À tout cela s’ajoute une autre spécificité du processus révolutionnaire régional, dont la Syrie est l’illustration la plus tragique. Nous avons déjà évoqué une première spécificité – la crise structurelle propre au monde arabe dans le contexte de la crise générale du néolibéralisme. L’autre spécificité est que cette région connaît depuis plusieurs décennies le développement d’un courant réactionnaire d’opposition, promu depuis de nombreuses années par les États-Unis aux côtés de leur plus ancien allié dans la région, le royaume saoudien. Je veux parler de l’intégrisme islamique, bien sûr – tout le spectre de ce courant, dont la composante la plus importante est les Frères musulmans et dont la frange la plus radicale comprend Al-Qaïda et le prétendu État islamique (ISIS, Daech).
Le fondamentalisme islamique a été parrainé par Washington comme principal antidote au communisme et au nationalisme de gauche dans le monde musulman pendant la guerre froide. Au cours des années 1970, les fondamentalistes islamiques ont été autorisés par presque tous les gouvernements arabes à faire contrepoids à la radicalisation de la jeunesse de gauche. Avec le reflux subséquent de la vague de gauche, ils sont devenus les forces d’opposition les plus importantes tolérées dans certains pays, comme l’Égypte ou la Jordanie, et écrasées dans d’autres, comme la Syrie ou la Tunisie. Ils étaient cependant présents partout.
Lorsque les soulèvements de 2011 ont commencé, les sections des Frères musulmans ont pris le train en marche et ont tenté de le détourner pour servir leurs propres intérêts politiques. Ils étaient beaucoup plus forts que toutes les forces de gauche restées dans la région, très affaiblies par l’effondrement de l’URSS, tandis que les fondamentalistes bénéficiaient du soutien financier et médiatique des monarchies pétrolières du Golfe.
En conséquence, ce qui a évolué dans la région n’est pas l’opposition binaire classique de la révolution et de la contre-révolution. Il s’agissait d’une situation triangulaire dans laquelle vous aviez, d’une part, un pôle progressiste – soit ces groupes, partis ainsi que réseaux qui ont initié les soulèvements et représenté leurs aspirations dominantes.
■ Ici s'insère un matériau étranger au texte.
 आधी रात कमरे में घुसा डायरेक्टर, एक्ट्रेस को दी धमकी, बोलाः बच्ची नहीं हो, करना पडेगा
Ce pôle était faible sur le plan organisationnel, à l’exception de la Tunisie où un puissant mouvement ouvrier (3) a compensé la faiblesse de la gauche politique et a permis au soulèvement de ce pays de remporter la première victoire en renversant un président (4) déclenchant ainsi l’onde de choc régionale. D’autre part, il y avait deux pôles contre-révolutionnaires, profondément réactionnaires : les anciens régimes, qui représentaient classiquement la principale force contre-révolutionnaire, mais aussi les forces fondamentalistes islamiques qui faisaient concurrence aux anciens régimes et s’efforçaient de prendre le pouvoir. Dans cette configuration triangulaire, le pôle progressiste, le courant révolutionnaire, a rapidement été marginalisé, non seulement à cause de faiblesses organisationnelles et matérielles, mais aussi et surtout à cause de faiblesses politiques, de l’absence de vision stratégique.
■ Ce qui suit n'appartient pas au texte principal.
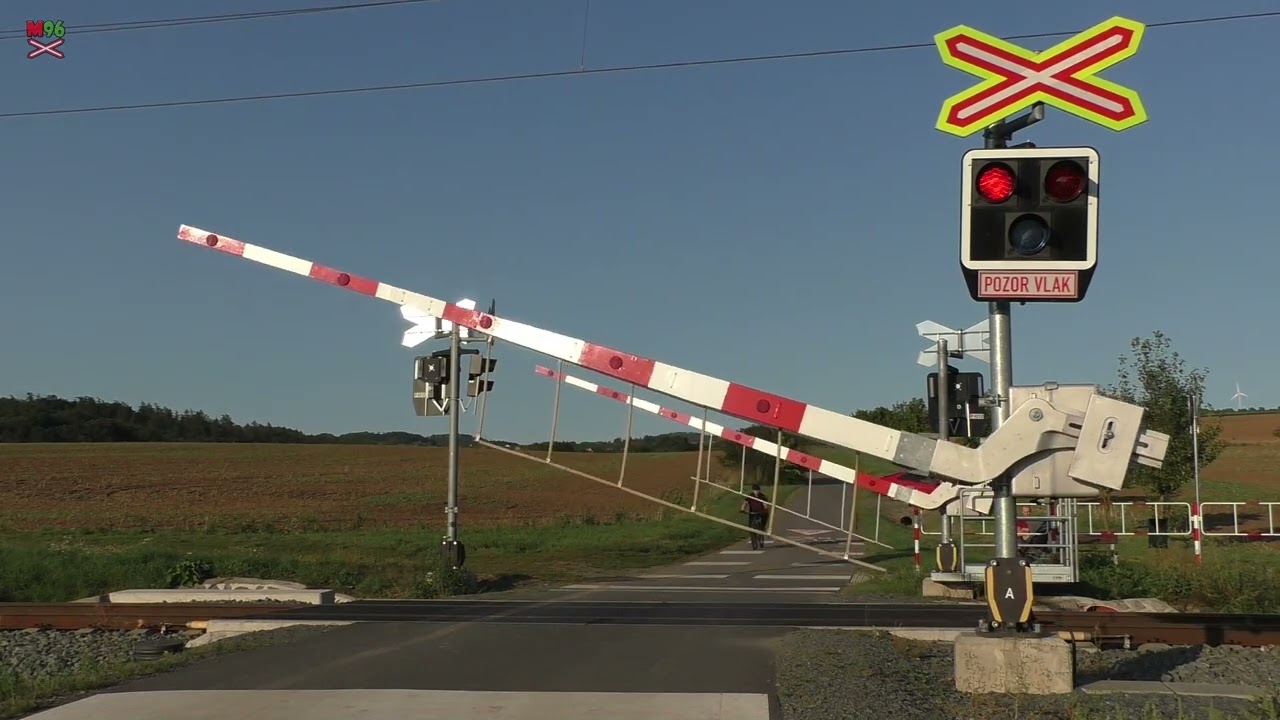 Železniční přejezd Babice u Šternberka #1 [P4212] - 31.8.2023 / Czech railroad crossing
La situation a donc été dominée par l’affrontement entre les deux pôles contre-révolutionnaires, qui a dégénéré en un « choc des barbaries », comme je l’appelle (5), dont la Syrie est l’illustration la plus tragique, avec un régime syrien des plus barbares face aux forces fondamentalistes islamiques elles-mêmes barbares. L’énorme potentiel progressiste que représentaient les jeunes qui ont initié le soulèvement en Syrie en mars 2011 a été complètement écrasé.
Beaucoup de ces jeunes ont quitté le pays, parce qu’ils ne pouvaient survivre ni dans des territoires contrôlés par le régime, ni dans des territoires tenus par les forces fondamentalistes islamiques. Une grande partie du potentiel progressiste syrien a donc été dispersée en Europe, en Turquie, au Liban et en Jordanie. Une partie survit à l’intérieur du pays, mais tant que la situation de guerre perdurera, il sera difficile pour elle de réémerger.
La situation kurde en Syrie est une autre histoire. Le PYD/YPG (Parti de l’union démocratique/Unités de protection du peuple) kurde dans le nord-est de la Syrie est sans aucun doute la plus progressiste de toutes les forces armées actives sur le terrain en Syrie, sinon la seule force progressiste. Ils ont réussi à développer et à étendre le territoire sous leur contrôle avec le soutien des États-Unis, parce que Washington sous la présidence Obama les considérait comme des fantassins efficaces dans la lutte contre le dit État islamique (ISIS, Daech). Ils avaient leur propre intérêt à combattre Daech, bien sûr, car c’est un ennemi mortel pour eux. Leur première coopération directe avec les États-Unis a en effet eu lieu lors de la bataille de Kobané en 2014, lorsque le soutien aérien américain, y compris les largages d’armes, a été décisif pour permettre aux combattant·es kurdes de faire reculer l’offensive de Daech. Il y a donc eu convergence d’intérêts entre les États-Unis, qui fournissent un soutien aérien ainsi que d’autres moyens et ressources, et le YPG, qui fournit des troupes sur le terrain.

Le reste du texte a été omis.